Profiling and quality checks generationNo-code approach (Workflow). Requires installation as a workspace tool.Use profiler workflow (triggered from Databricks CLI or Databricks UI).Profile input data and generate quality rules candidates. Input data and quality checks storage configured in the configuration file. For more details, see the Profiling Guide.
Quality CheckingProgrammatic approach (Code-level integration)Use methods of DQEngine class.Offers loading checks from various storage backends, applying quality checks, saving results, as well as end-to-end methods running all the steps in a single method call (load checks > apply checks > save results). For more details, see the Applying Checks Guide.
Quality CheckingNo-code approach (Workflow). Requires installation as a workspace tool.Use quality-checker and e2e workflows (triggered from Databricks CLI or Databricks UI).Offers quality checker workflow (load checks > apply checks > save results) and e2e (end-to-end) workflow (profile input data and generate quality checks > apply checks > save results). Input and output data, and quality checks storage configured in the configuration file. For more details, see the Applying Checks Guide.

The no-code approach using Workflows will be preferred for less technical users wanting to run quality checks on existing data stored in tables. It provides a user-friendly interface to execute quality checks without needing to write any code. The code-level approach is more flexible and allows for more complex scenarios, such as integrating quality checks directly into data processing pipelines.

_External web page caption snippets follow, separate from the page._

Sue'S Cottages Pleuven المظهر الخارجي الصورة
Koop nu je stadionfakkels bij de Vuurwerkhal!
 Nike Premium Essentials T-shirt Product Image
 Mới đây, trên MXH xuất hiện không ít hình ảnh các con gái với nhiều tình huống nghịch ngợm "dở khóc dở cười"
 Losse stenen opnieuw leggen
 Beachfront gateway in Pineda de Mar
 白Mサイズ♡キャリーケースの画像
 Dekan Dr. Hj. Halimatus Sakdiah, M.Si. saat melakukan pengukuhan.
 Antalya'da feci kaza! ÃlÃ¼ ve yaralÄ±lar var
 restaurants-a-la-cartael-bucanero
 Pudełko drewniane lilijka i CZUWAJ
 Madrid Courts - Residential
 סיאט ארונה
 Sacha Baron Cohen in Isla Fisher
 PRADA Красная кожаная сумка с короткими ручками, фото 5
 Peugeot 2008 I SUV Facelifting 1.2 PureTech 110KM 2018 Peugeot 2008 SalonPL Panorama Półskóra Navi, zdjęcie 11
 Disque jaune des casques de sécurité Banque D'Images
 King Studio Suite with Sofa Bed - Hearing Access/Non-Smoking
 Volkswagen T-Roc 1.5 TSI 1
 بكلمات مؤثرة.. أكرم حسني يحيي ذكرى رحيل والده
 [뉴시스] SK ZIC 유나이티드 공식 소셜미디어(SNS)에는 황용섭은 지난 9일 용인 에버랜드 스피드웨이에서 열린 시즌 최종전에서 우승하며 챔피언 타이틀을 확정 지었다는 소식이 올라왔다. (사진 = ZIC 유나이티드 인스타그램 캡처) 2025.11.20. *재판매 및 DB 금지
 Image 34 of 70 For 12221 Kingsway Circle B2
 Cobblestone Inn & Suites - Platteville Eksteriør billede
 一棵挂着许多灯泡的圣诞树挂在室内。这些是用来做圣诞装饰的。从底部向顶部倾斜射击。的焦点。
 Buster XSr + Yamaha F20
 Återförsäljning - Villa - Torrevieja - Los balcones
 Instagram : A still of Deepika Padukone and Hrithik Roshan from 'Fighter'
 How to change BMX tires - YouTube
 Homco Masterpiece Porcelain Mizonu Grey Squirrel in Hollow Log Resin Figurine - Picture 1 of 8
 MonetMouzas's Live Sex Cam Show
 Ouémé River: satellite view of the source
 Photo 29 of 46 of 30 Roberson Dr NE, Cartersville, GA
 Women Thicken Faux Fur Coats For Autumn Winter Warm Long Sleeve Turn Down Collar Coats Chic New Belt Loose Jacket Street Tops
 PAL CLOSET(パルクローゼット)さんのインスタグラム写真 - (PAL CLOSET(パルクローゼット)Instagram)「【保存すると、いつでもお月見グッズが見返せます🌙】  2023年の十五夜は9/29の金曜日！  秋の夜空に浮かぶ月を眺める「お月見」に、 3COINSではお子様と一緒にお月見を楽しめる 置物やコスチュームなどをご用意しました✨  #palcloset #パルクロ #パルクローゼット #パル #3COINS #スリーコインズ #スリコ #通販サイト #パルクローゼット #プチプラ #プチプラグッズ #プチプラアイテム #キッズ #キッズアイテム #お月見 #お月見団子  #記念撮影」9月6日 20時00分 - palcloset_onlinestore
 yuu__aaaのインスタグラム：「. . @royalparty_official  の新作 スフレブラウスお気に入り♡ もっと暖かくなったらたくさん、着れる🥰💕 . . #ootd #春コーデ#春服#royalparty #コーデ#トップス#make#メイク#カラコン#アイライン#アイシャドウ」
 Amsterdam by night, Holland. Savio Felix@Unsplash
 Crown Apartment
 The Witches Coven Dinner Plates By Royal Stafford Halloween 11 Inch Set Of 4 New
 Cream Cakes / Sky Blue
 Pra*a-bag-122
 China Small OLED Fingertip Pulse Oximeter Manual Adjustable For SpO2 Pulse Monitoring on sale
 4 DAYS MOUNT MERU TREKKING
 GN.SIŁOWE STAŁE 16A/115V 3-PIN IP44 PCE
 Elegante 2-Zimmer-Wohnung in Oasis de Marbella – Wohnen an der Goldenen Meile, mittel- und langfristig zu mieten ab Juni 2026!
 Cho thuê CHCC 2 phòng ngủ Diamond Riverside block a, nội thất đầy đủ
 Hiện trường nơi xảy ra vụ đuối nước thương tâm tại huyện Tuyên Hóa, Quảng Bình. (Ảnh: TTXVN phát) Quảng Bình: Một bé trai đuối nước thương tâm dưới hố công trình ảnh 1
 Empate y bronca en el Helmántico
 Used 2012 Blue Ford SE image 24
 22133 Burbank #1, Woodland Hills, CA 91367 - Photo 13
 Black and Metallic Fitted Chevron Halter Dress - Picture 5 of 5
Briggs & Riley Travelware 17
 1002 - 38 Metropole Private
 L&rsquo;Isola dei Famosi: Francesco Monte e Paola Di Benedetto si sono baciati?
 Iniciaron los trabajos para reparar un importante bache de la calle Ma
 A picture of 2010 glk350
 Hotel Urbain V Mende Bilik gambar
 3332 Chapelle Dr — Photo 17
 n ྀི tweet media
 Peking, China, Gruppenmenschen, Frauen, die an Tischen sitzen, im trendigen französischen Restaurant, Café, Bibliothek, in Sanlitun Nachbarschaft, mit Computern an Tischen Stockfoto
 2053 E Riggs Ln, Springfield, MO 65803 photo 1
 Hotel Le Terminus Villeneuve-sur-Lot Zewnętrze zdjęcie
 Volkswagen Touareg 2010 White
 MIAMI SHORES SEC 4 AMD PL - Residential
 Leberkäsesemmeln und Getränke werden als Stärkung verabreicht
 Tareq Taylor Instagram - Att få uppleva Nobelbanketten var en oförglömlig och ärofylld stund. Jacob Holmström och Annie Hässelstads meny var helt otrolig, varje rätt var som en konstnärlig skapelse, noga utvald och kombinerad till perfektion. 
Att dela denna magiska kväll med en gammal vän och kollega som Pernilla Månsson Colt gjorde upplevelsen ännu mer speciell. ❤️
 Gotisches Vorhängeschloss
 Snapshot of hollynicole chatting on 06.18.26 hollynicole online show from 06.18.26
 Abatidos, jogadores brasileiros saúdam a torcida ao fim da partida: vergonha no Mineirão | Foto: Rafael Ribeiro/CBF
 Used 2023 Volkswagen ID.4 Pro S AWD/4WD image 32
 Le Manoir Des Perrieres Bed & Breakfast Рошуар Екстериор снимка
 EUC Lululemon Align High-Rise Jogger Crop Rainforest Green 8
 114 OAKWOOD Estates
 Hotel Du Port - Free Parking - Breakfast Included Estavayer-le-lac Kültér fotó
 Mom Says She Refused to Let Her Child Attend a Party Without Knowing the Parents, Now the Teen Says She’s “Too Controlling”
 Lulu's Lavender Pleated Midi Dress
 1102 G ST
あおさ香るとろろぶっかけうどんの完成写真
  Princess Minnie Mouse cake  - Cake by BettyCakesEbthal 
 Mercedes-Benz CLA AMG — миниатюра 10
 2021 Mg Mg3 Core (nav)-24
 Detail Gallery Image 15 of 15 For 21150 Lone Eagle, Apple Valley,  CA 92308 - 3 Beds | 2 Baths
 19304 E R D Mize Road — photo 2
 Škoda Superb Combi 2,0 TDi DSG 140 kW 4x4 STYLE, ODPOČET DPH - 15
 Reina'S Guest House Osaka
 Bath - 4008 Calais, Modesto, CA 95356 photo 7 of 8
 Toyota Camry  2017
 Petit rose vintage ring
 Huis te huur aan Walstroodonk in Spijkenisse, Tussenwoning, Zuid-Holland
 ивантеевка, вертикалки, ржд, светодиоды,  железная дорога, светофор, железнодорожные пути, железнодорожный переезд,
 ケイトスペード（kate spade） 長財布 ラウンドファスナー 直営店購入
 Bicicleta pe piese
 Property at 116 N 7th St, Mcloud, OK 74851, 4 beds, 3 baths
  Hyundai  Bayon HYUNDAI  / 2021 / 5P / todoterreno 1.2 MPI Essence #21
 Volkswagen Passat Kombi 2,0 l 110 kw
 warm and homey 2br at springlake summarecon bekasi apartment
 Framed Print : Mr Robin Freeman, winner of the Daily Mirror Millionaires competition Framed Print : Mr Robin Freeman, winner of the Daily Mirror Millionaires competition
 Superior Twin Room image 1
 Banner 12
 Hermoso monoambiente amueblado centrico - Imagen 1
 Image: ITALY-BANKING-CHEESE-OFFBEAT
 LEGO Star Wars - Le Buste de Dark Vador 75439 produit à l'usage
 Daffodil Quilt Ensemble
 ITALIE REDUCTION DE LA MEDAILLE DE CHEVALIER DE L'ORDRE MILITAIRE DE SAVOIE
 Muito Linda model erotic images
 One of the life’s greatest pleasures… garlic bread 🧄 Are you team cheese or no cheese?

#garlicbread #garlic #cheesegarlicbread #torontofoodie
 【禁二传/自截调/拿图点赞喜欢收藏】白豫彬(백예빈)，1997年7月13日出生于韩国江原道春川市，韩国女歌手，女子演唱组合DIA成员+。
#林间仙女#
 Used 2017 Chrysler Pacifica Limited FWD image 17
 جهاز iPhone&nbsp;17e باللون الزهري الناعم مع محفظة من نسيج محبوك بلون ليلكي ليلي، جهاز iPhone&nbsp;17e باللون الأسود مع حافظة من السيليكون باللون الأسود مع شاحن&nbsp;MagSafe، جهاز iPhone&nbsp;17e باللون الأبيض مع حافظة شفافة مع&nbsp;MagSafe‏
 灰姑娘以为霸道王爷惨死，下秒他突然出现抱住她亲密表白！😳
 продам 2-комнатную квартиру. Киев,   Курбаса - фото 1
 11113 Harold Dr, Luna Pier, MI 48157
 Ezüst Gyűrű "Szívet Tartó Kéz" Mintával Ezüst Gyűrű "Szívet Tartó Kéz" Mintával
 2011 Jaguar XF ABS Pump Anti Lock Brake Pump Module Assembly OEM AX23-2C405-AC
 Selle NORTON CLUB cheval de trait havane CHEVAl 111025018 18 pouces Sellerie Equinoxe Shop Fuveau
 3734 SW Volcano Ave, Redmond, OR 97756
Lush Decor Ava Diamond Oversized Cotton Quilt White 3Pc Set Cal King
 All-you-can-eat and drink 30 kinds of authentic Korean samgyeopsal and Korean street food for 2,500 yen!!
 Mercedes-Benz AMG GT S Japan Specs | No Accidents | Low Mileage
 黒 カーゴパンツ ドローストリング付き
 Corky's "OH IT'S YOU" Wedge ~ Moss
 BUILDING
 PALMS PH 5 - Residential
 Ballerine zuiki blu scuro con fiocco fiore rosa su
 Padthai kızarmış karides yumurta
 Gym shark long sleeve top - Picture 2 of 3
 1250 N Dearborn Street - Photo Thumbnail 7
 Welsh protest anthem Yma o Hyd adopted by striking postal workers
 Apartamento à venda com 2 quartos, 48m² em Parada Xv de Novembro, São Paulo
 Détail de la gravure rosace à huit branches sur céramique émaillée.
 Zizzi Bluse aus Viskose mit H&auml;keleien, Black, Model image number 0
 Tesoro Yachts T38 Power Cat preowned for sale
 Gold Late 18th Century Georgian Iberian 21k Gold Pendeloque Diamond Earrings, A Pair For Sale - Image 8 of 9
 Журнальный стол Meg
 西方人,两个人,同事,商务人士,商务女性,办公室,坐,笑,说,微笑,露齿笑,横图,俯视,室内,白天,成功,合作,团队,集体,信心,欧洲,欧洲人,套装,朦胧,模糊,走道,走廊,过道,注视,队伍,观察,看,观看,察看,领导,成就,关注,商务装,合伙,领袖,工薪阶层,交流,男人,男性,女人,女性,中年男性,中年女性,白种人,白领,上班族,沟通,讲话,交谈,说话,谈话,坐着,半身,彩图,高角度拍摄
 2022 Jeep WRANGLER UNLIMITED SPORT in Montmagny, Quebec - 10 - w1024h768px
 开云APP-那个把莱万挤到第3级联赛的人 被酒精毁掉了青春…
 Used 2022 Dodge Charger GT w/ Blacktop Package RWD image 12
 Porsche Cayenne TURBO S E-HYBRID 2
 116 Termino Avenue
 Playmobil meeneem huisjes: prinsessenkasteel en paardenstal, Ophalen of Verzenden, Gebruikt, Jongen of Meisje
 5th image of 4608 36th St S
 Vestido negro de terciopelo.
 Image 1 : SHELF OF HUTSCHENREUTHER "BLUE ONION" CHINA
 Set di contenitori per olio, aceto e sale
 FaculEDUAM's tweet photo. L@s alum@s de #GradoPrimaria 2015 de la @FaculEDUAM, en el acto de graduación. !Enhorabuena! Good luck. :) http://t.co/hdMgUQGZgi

Defining quality rules (checks)

Quality rules can be defined in the following ways:

  • As YAML or JSON files stored locally, in a Databricks workspace, or in a Unity Catalog volume, or as rows stored in a table. See more details in Quality Checks Storage Guide.
  • Programmatically as a list of dictionary objects (can also be loaded from YAML or JSON definitions).
  • Programmatically as a list of DQRule objects.

Additionally, quality rule candidates can be auto-generated using the DQX profiler.

For more details, see the Quality Checks Definition Guide.